Input data Start Marker
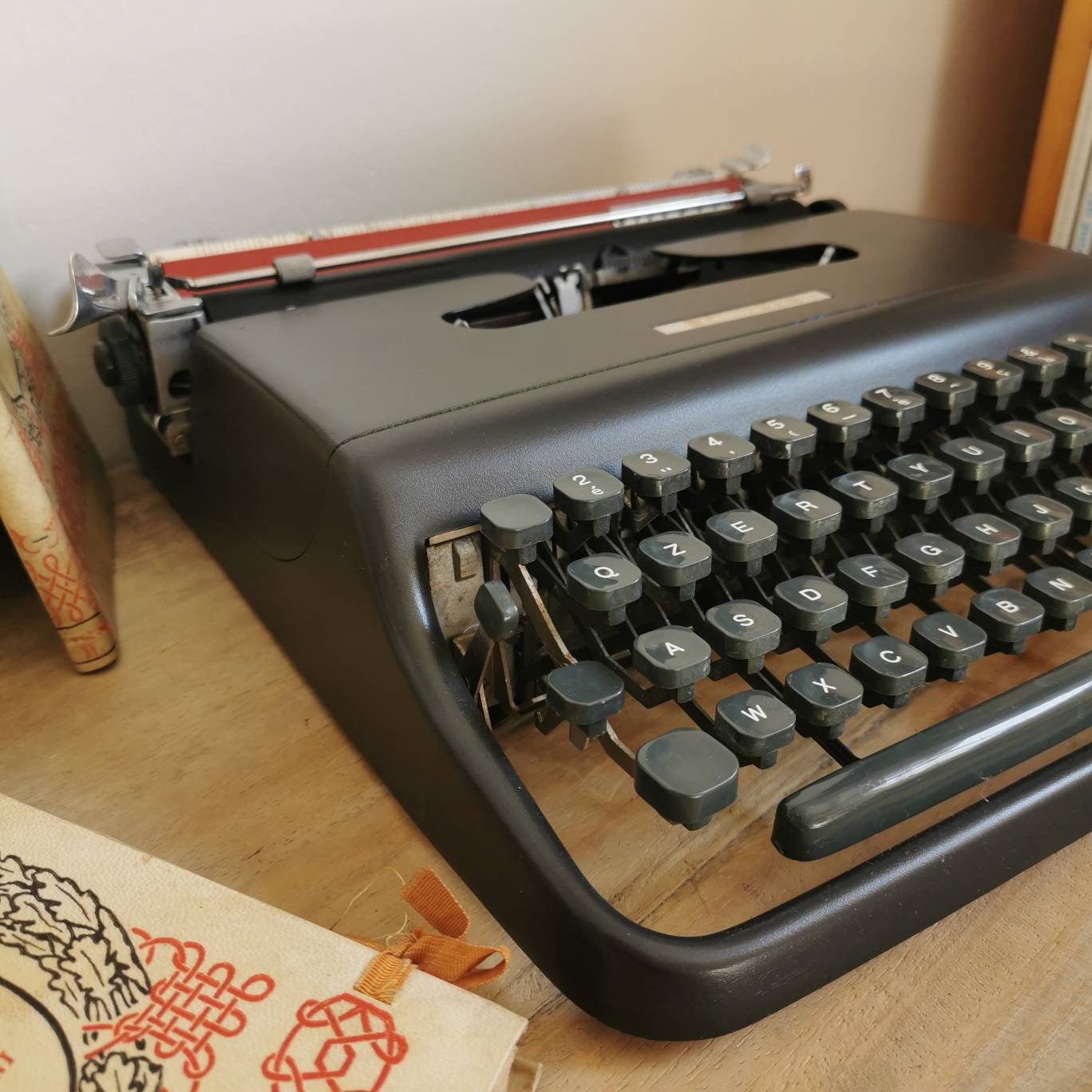 OLIVETTI LETTERA 22（初代）タイプライター、マットブラック＆マット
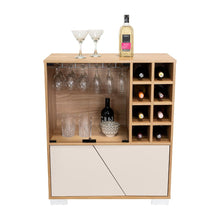 Bar Orus, Fresno Europeo y Capri,con cuatro puertas batientes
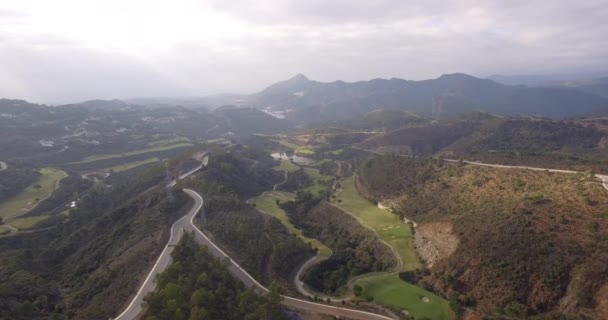 4K Aerial, Vista sobre campo de golfe e curvas de grampo de cabelo, Andaluzia, Espanha — Vídeo de Stock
Input data End Marker
Your assignment —
Your copy should match the material above exactly, minus its pictures.

Your response —
 OLIVETTI LETTERA 22（初代）タイプライター、マットブラック＆マット
 Bar Orus, Fresno Europeo y Capri,con cuatro puertas batientes
 4K Aerial, Vista sobre campo de golfe e curvas de grampo de cabelo, Andaluzia, Espanha — Vídeo de Stock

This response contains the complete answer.